I find this rather harmful, and think journalists should know better.

I took LSD when I was 18, lured by stories of Steve Jobs and others and I had
the worst time of my time. Bad trip doesn't begin to describe it. It left me
with psychosis lasting 4 months and making me fail my first year at the
university.

I only began taking antypsychotic medication after one year, when my psychosis
was triggered again by marihuana.

Would I suffer psychosis without drugs? My psychiatrist doesn't believe so,
but it very well might have happened.
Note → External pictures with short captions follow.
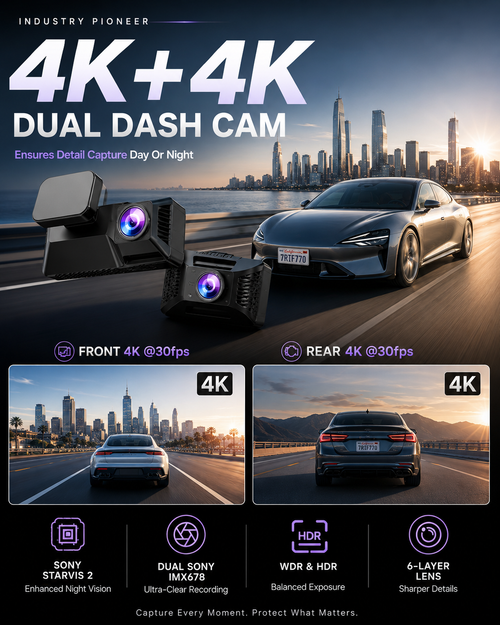 F77 Dual 4K Dash Cam                      -Dual 4k Recording                            -Voice Control                                 -STARVIS Night Vision                      -GPS                                                -5.8GHz WiFi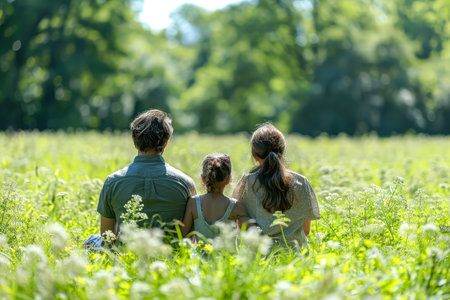 Family of four is enjoying a relaxing day in a lush green field. The father is sitting on the left side of the mother and two children, while the mother and children are sitting on the right sideの素材
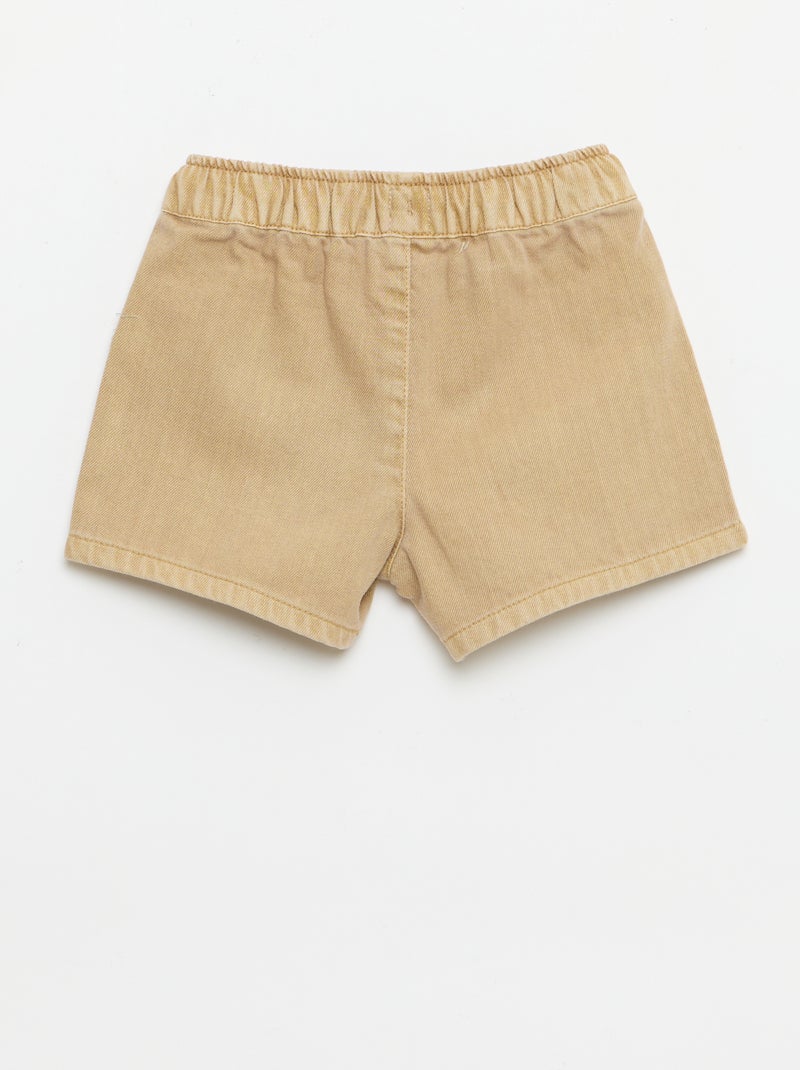 Plain denim shorts Beige - Kiabi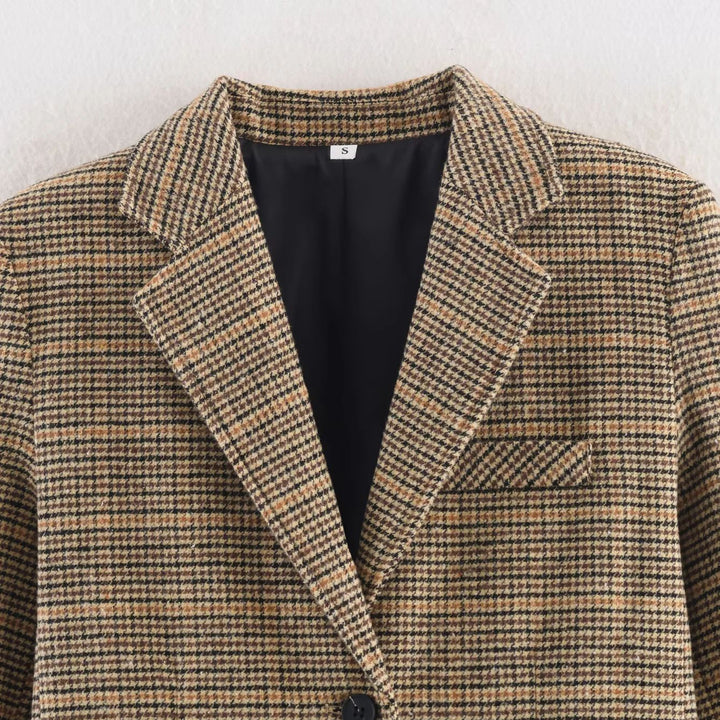 Damen nan taillierter Glencheck-Blazer mit Reverskragen und aufgesetzten Pattentaschen Drune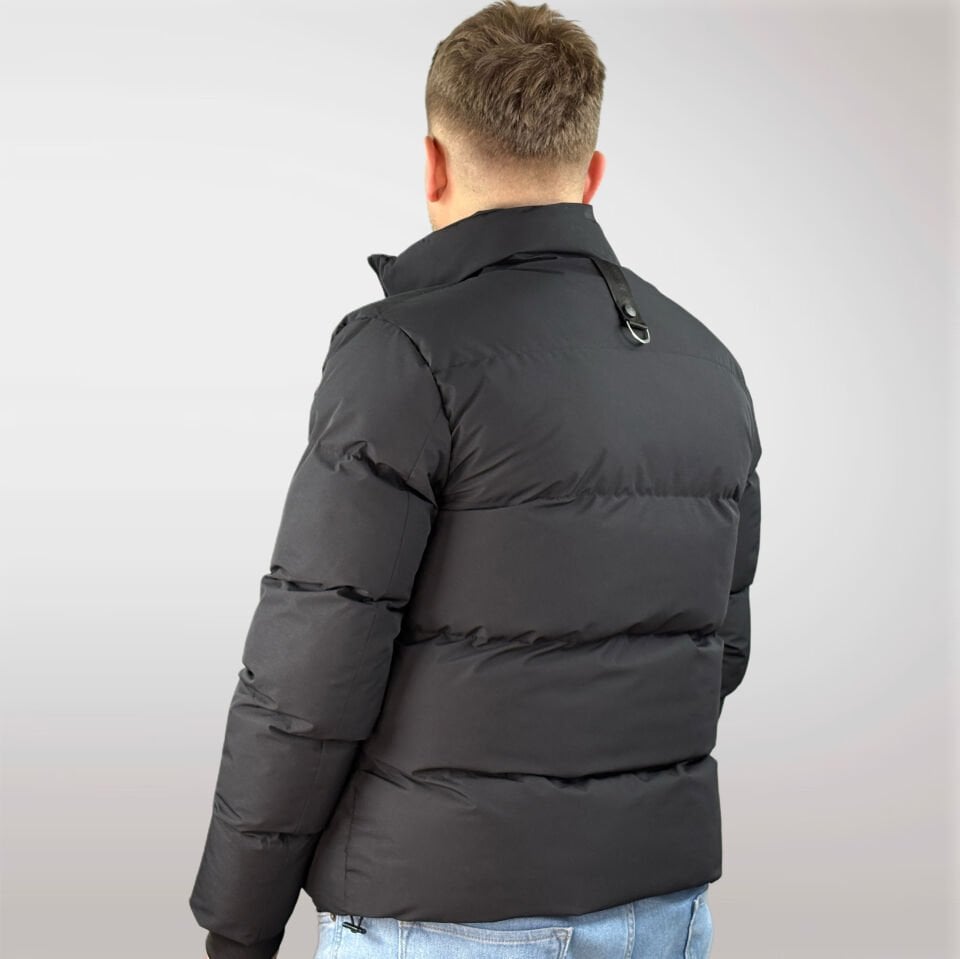 Erkek Kapüşonsuz Şişme Mont-Siyah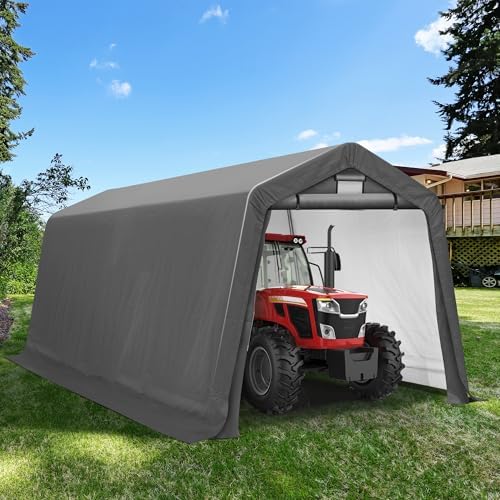 8' x 14' outdoor storage shelter shed, portable, front angle view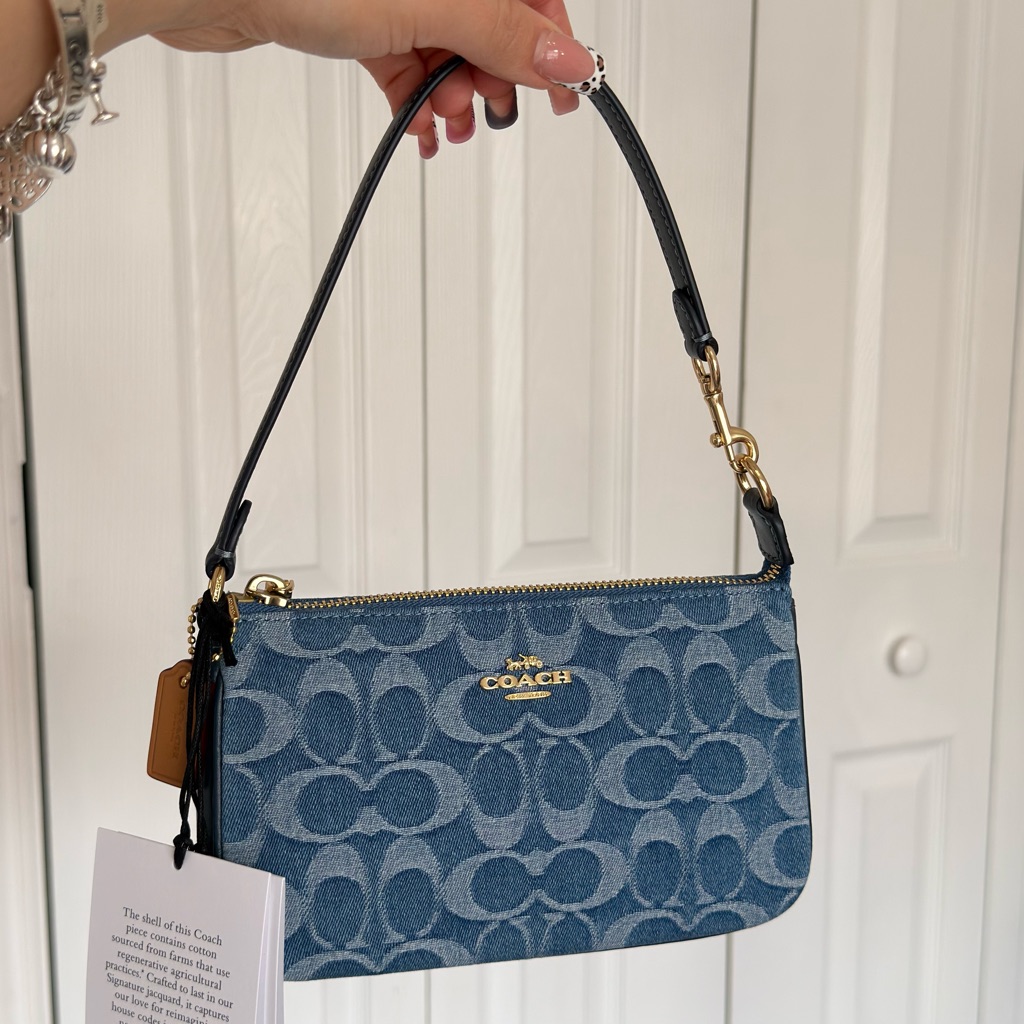 Coach Nolita 19 In Signature Denim Blue Wristlet Bag
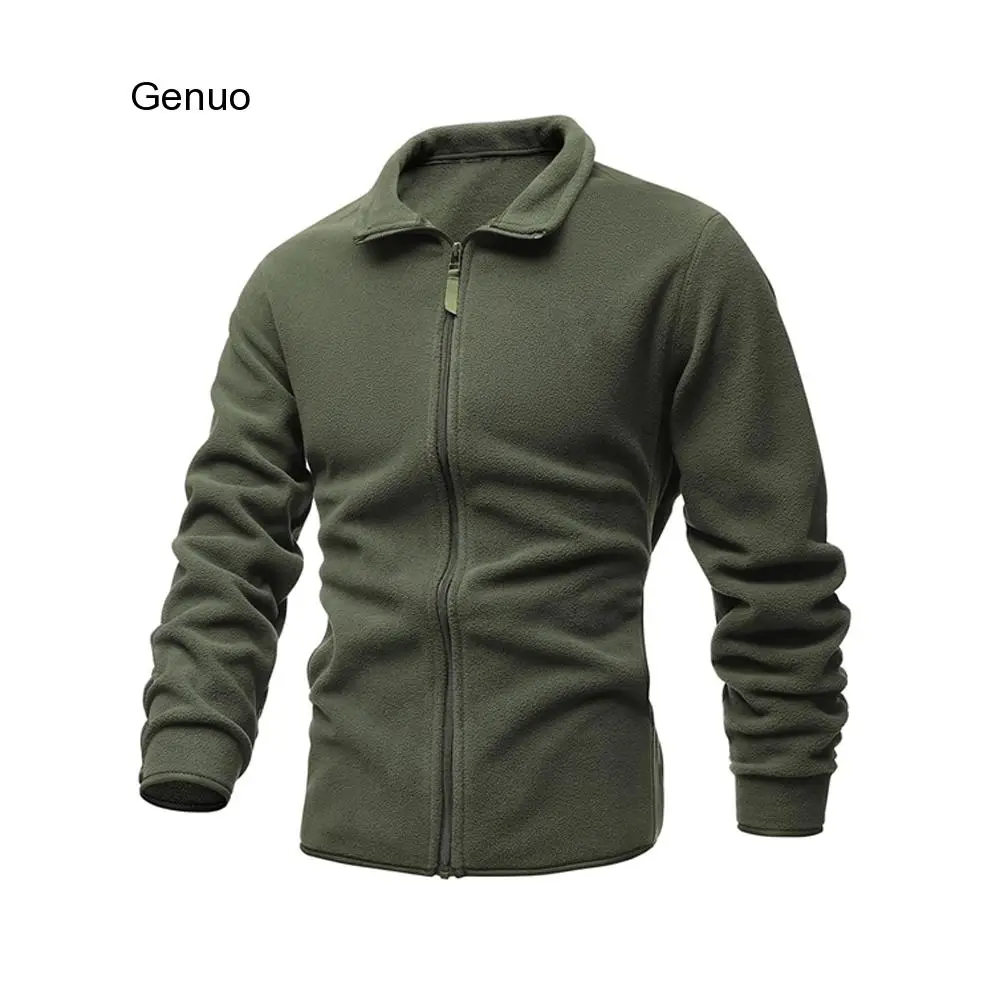 Men's Jacket Slim Double-Faced Fleece Tactical Sweater Casual Turn-Down Collar Zipper Solid Color Jacket Male Warm Winter Coat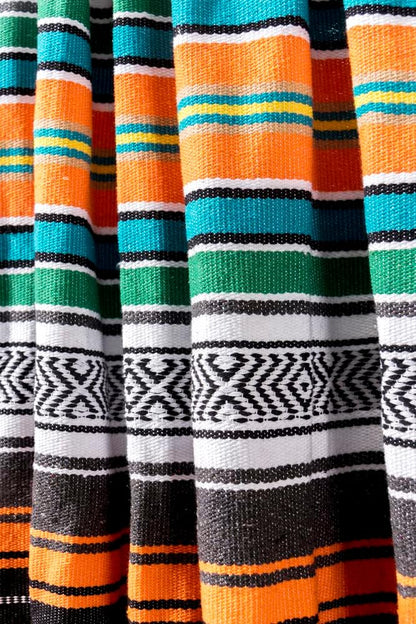 Airooglee 69" L x 51" W Large Mexican Blanket - Perfect as Yoga Outdoor Beach Serape Picnic Camping Woven Blanket, Boho Home Décor - Red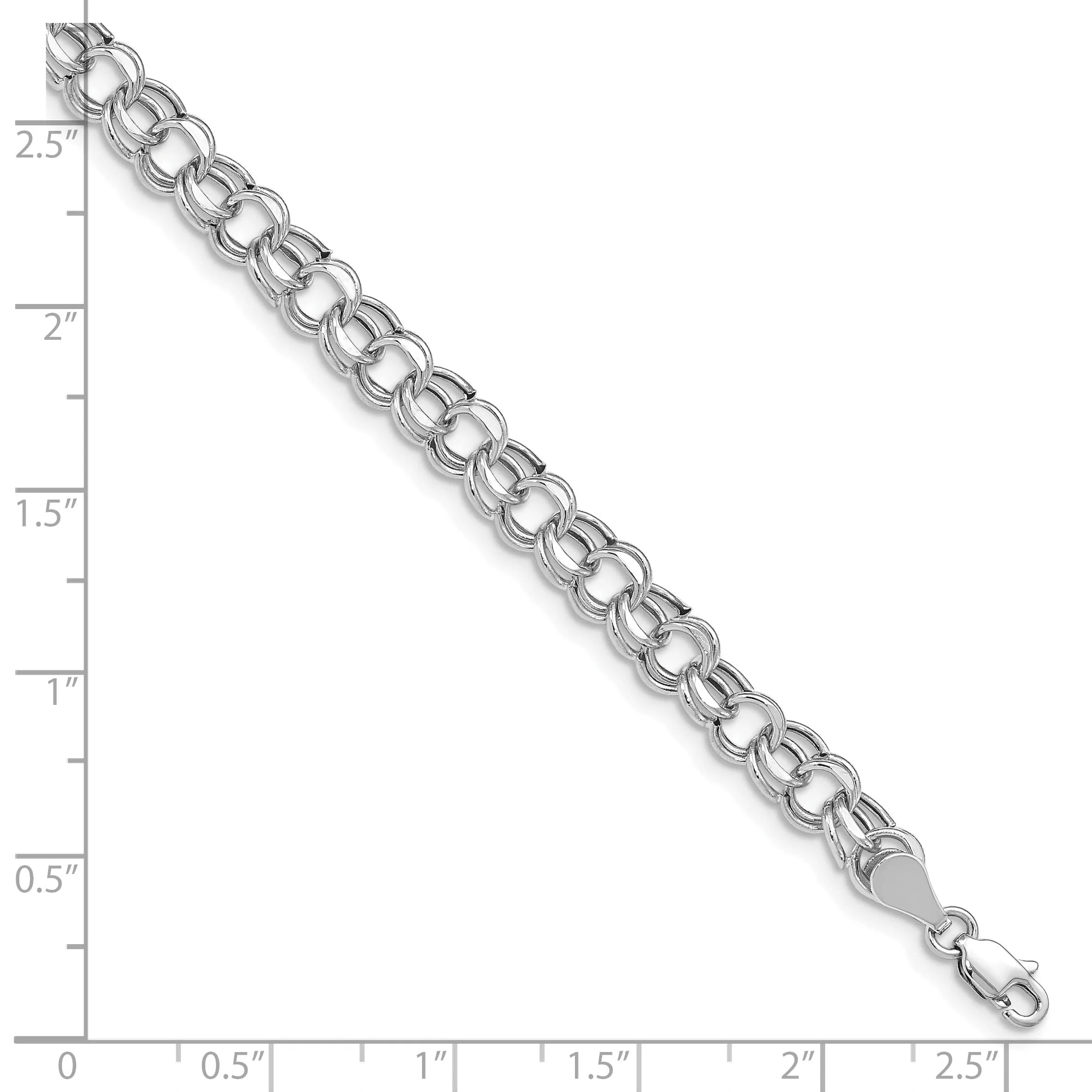 14K White Gold Charm Bracelet - Diamond Cut, 6-MM Wide Link, 7.25-inch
But why risk getting it triggered while
being under influence of powerful drugs and risking killing yourself?

(Under psychosis caused by Marihuana I almost jumped out of a high
construction building)

Sorry for stupid rant, just wished journalists had some integrity and would
not lightly promote illegal substances that have real social cost on users.
(From my talks with psychiatrists in psychiatric ward, a lot of users come
with psychosis triggered by marihuana/amphetamine/mephedrone use)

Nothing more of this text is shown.